The tax laws are complex, and you may need accounts prepared to show your taxable profit. Whilst you may be able to deal with this yourself, for people who are self employed it is usually safer and less stressful to use a professional accountant.

What is Self-Employment?

Self employment is when you work for yourself.

Typically a self-employed person will:

  • Decide for themselves how and when to do the work.
  • Take financial risk.
  • Take responsibility if the work in not done correctly.
  • Provide their own tools and equipment

Generally it will be fairly obvious if you are self employed, but in some cases it is less clear cut. There is no clear divide between being self employed or an employee, and for tax purposes it depends on a number of 'indicators'. If in doubt try using the H.M. Revenue & Customs' Employment Status Indicator at

The question is most important when you employ someone to work for you. If you treat them as an employee, you will probably have to operate PAYE, provide paid holidays, and comply with a great deal of employment legislation. If you treat them as self employed, none of that applies. The snag is that if you treat a person as self employed, and H.M. Revenue & Customs later decide that they were really an employee of yours, then you could end up having to pay the tax that would otherwise have been deducted under the PAYE system plus employers National Insurance. Worse still, HMRC can treat the amount paid as the net of tax payment, and demand the tax due on the grossed up payment. So it can be important to get it right. H.M. Revenue & Customs are generally keen to have people treated as employees as they collect more National Insurance that way.

What do I need to do if I become self-employed?

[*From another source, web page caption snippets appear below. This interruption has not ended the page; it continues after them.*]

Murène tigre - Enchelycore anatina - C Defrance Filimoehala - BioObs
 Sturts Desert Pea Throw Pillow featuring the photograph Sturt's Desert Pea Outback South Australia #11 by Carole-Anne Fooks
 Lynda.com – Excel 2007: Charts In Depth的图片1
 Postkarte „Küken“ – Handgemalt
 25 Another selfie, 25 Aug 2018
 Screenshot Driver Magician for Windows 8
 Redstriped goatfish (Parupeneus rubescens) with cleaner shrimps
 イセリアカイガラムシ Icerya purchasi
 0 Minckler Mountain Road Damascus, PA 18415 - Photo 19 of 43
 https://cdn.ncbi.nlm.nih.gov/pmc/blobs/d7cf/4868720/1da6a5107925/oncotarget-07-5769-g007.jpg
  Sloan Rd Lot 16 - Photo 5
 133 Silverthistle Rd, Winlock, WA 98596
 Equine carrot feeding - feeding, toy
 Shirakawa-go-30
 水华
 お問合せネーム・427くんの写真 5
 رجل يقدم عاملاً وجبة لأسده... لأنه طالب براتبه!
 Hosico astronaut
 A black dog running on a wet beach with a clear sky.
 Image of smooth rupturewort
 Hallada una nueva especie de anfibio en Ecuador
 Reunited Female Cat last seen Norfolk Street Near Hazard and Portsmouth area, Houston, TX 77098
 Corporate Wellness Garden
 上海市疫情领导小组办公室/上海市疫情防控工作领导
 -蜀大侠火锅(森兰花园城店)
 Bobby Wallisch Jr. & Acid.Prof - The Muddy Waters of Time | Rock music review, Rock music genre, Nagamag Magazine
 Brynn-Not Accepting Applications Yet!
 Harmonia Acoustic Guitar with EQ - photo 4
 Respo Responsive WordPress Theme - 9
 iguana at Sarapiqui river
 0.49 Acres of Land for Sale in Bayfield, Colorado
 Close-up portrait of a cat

This is a complex situation, so probably the best thing would be to speak to an accountant straight away. Amongst other things, you will need to:

  • Inform H.M. Revenue & Customs that you have become self employed.
  • Decide what business style to use - sole trader, partnership, limited company, limited liability partnership.
  • Start keeping business books and records.
  • Decide whether to register for VAT.
  • If taking on employees, start operating PAYE.
  • Make a list of business assets owed on commencement, and note their cost or reasonable second hand value. This is because such items will not normally appear in the books and records as you already have them, but tax relief can still be claimed on them. This could include items such as a computer, mobile phone, tools and equipment, or your vehicle.
  • It is usually a good idea to open a business bank account, but this is not essential, especially if you are running a very small business for which a balance sheet will not be required.
  • Consider taking out business insurance, such as public liability insurance. Some public liability insurance policies also include cover for professional fees incurred if H.M. Revenue & Customs make formal enquiries into the accuracy of your tax return, and this is worth having if available.
  • Consider taking out personal insurance in case you are unable to work because of sickness, or accident. No tax relief is available for this type of insurance, and it can be expensive and offer only very limited cover.

What tax do I pay if I am self-employed?

Self employed people pay tax on their taxable business profits. Basically this is the income earned, less the related expenses. Each year in April H.M. Revenue & Customs will send you a tax return, or a notice requiring you to complete one. All taxable income of the tax year to 5th April needs to be shown on the tax return, and any relevant tax allowances claimed. This could include income from self employment, employment, rental income, bank interest, share dividends, pensions, capital gains, etc.

Income from Self Employment will normally be the taxable trading profits of the financial year ending in the tax year. If your financial year end is 5 April those will be the profits declared. If for example the accounts are for the year to 31 December, it will be the taxable trading profits of the year to 31 December that will be shown on the tax return, rather than the profits of the year to 5 April. This is to allow people to use whatever financial year end they want, but it can be confusing, and the rules are different when trading starts and stops.

Your tax and class 4 National Insurance liability will then be calculated for the tax year, and any tax already paid will be deducted, such as PAYE tax on an employment or a pension, or tax deducted at source for investment income. Leaving a net amount payable.

This will fall due for payment the following 31st January. If the amount due exceeds £1,000 you may also need to make payments on account towards the following year's tax liability.

For more information, please read the What are self-assessment payments on account? FAQ.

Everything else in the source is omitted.